Exactly as written, set down each line of the data below except its pictures.

PROVIDED DATA:
*** Block opens ***

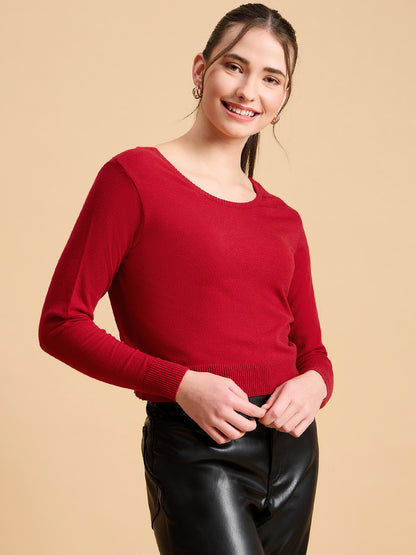 Wool Blend  Full Sleeve Designer Red Blouse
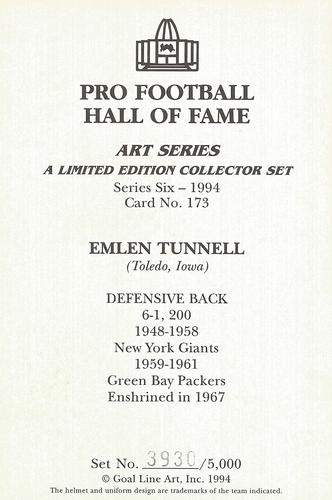 1994 Goal Line Hall of Fame Art Collection #173 Emlen Tunnell Back
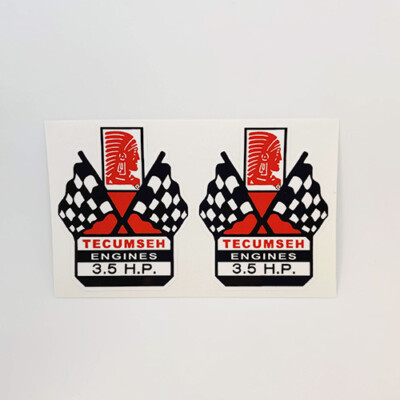 3.5 Hp TECUMSEH ENGINE DECALS x 2, Vinyl STICKERS for Mower, Go Kart, Etc.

*** Block closes ***

SOLVED PROBLEM:
 Wool Blend  Full Sleeve Designer Red Blouse
 1994 Goal Line Hall of Fame Art Collection #173 Emlen Tunnell Back
 3.5 Hp TECUMSEH ENGINE DECALS x 2, Vinyl STICKERS for Mower, Go Kart, Etc.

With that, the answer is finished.